Among 27 families, 24 were diagnosed with congenital cataracts, while 3 were diagnosed with aniridia and congenital cataract. 25 families with family history showed autosomal dominant inheritance, and 2 were sporadic patients. Available individuals indicated in Fig. 1 were given complete physical, ophthalmic examinations. One hundred unrelated healthy subjects from the same ethnic background were recruited as controls. Peripheral blood was collected by venipuncture in EDTA-coated Vacutainer tubes (BD, New Jersey, USA) and stored at −20 °C.

DNA Extraction and Next Generation Sequencing

Genomic DNA of 27 probands was isolated from the 2 ml peripheral blood samples using QIAamp DNA Blood kits (Qiagen, Hilden, Germany). Then the purity and quantity of DNA samples were measured by the NanoDrop 2000 spectrophotometer (Thermo Fisher Scientific, Inc., Waltham, Massachusetts). Genomic DNA was shearing by CovarisTM system. Then sample preparation by following the manufacturer’s standard procedure using Truseq DNA Sample preparation Kit (Illumina, Inc, San Diego, CA).

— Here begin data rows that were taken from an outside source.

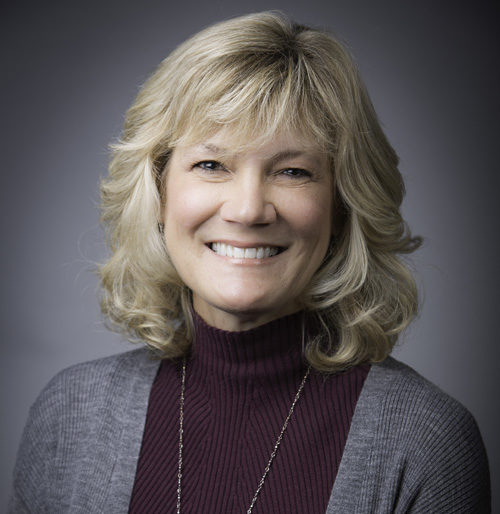 A woman with shoulder-length blonde hair smiles at the camera, wearing a maroon turtleneck and a gray cardigan in front of a plain background.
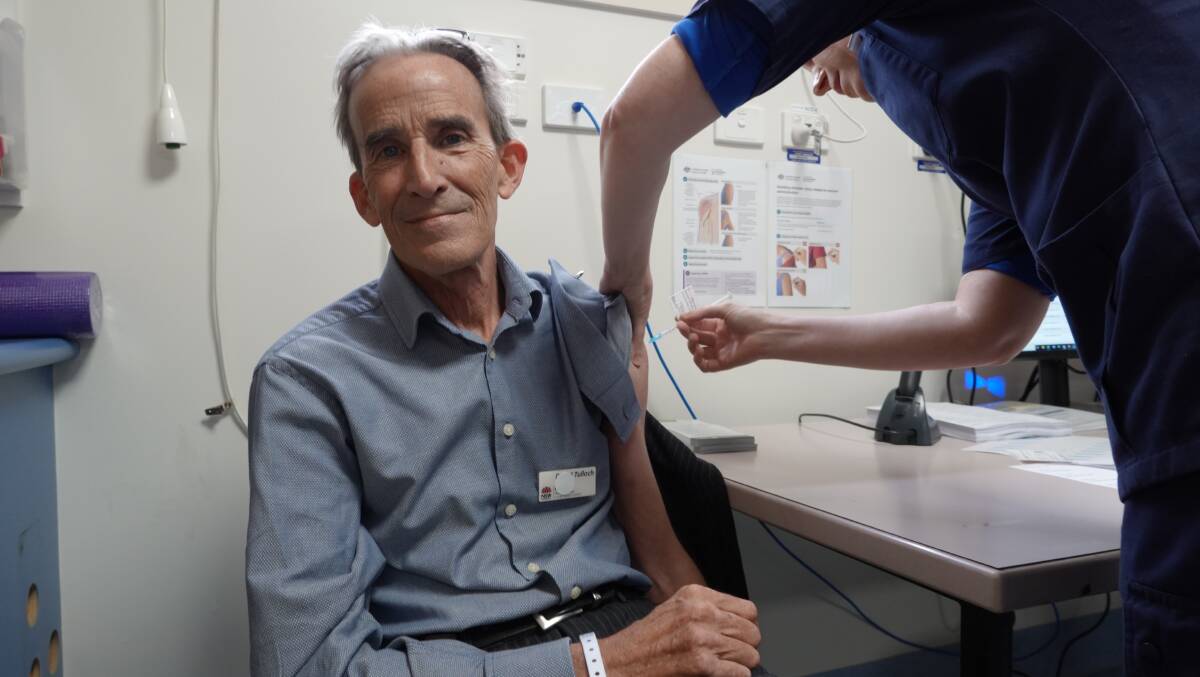 Griffith Base Hospital's director of medical services Dr David Tulloch receiving the Astra Zeneca vaccine. Photo: Monty Jacka.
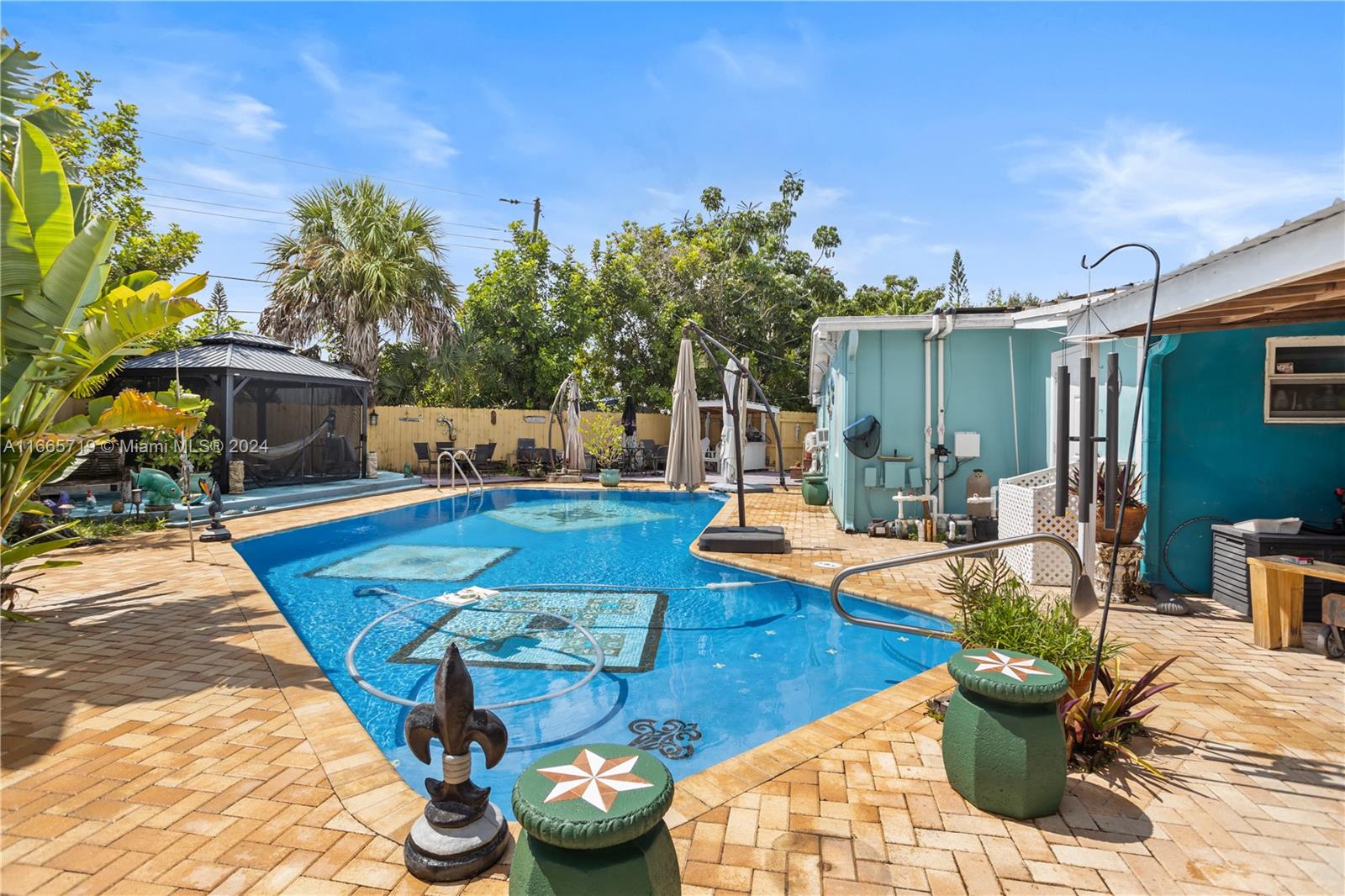 a view of a swimming pool with lounge chairs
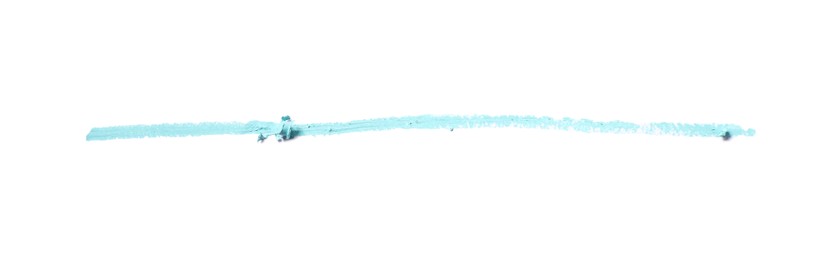 Photo of Light blue eye pencil stroke isolated on white, top view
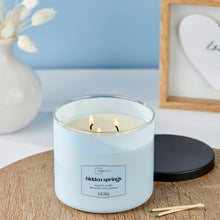 Blue 3-wick candle jar with black lid, lit flames visible through clear rim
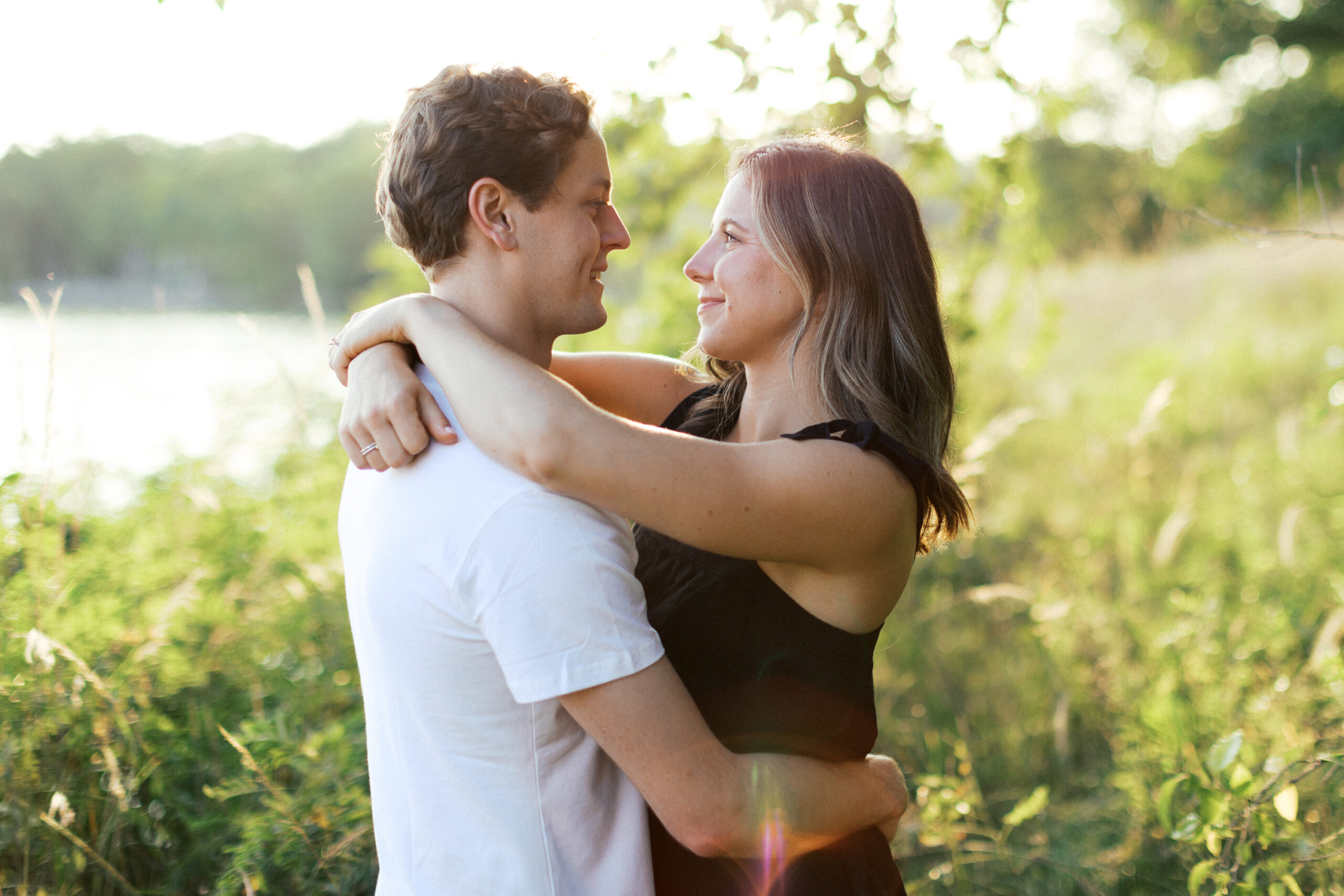 A loving embrace as the couple looks at each other, sharing a joyful smile. Captured by Toly Dzyuba Photography.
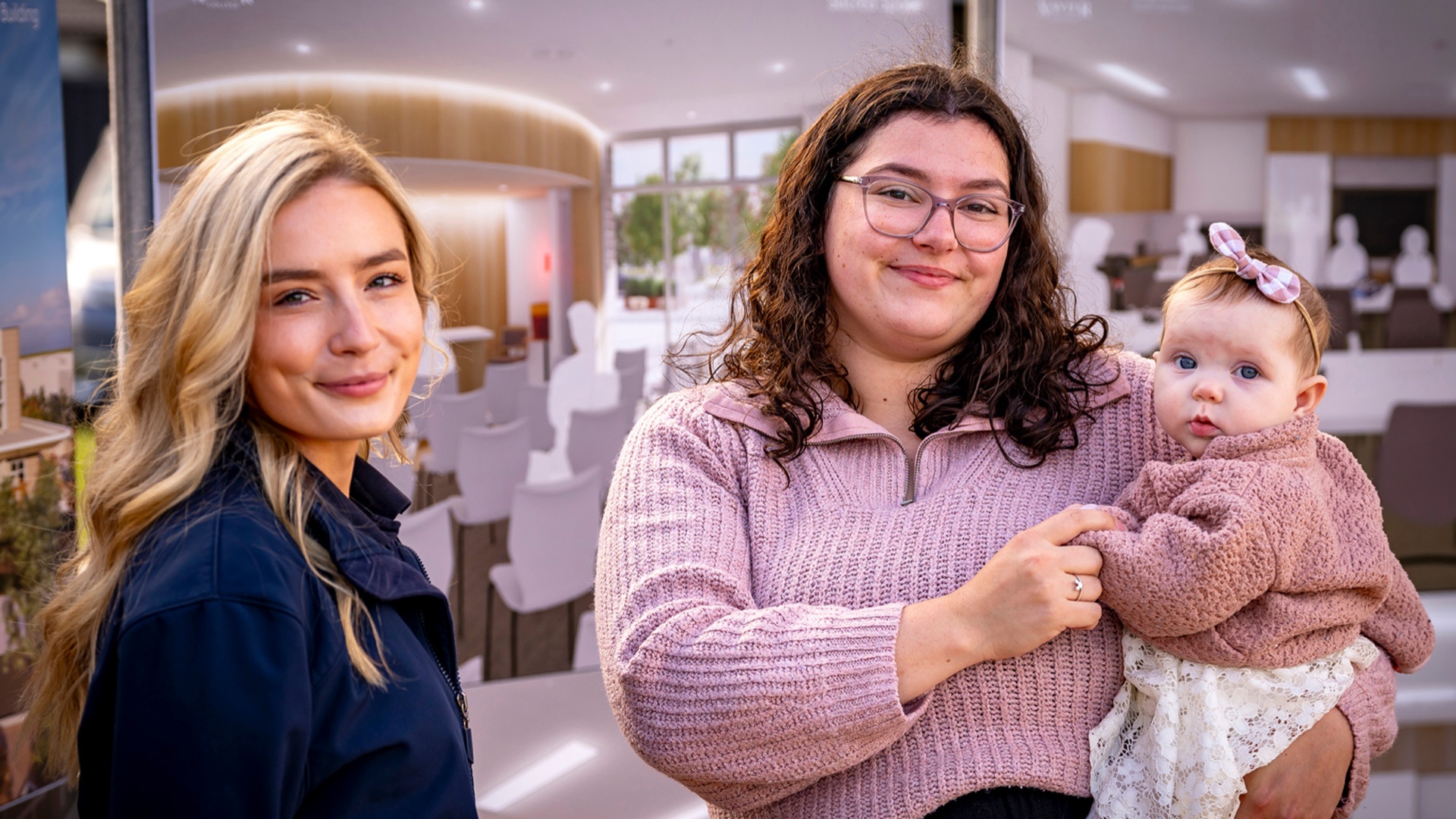 A mum with her child with a staff member at Riverlea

The coding exons, flanking regions and promotor regions of 54 genes related to inherited cataracts were selected and captured using a SureSelect Target Enrichment Kit (Agilent technologies, Inc, USA). The kit included 5,721 probes and could enrich about 551 exons and cover about 94.7% targeted regions. The enrichment libraries were sequenced on Illumina HiSeq2000 Sequencer (Illumina, Inc, San Diego, CA); the average sequencing depth was 500-fold.

Bioinformatics Analysis

The low quality reads and adaptor sequences were filtered out with the FASTX program. Picard program was used to remove the PCR duplicates. After high-quality reads were retrieved, the clean data were aligned using BWA program according to human genome parameters (hg19). Subsequently, we determined SNPs using the SOAPsnp program, realigned the reads with BWA, and detected the deletions or insertion (InDels) with the GATK software. After SNPs are identified, we use ANNOVAR to do annotation and classification. Finally, all nonsynonymous variants were evaluated by three algorithms, SIFT (http://sift.jcvi.org/), PolyPhen-2 (http://genetics.bwh.harvard.edu/pph2/), Mutation Tester (http://www.mutationtaster.org/).

Expanded Validation

DNA samples of probands were taken for further Sanger sequencing, to confirm the potential pathogenic variants detected by exome sequencing. Polymerase chain reaction (PCR) was performed in a 20 μl reaction system using the primer pairs previously published60 or designed by Primer Premier 6.0 (Table S3). PCR products were isolated using electrophoresis on 3% agarose gels and sequenced using the BigDye Terminator Cycle sequencing kit V 3.1 (ABI–Applied Biosystems; Sangon Co, China) on an ABI PRISM 3730 Sequence Analyzer (ABI). Sequencing results were analyzed using Chromas 2.3.0 and compared with sequences from NCBI human genome database. Confirmed variants were further sequenced in the all available family members and 100 control individuals.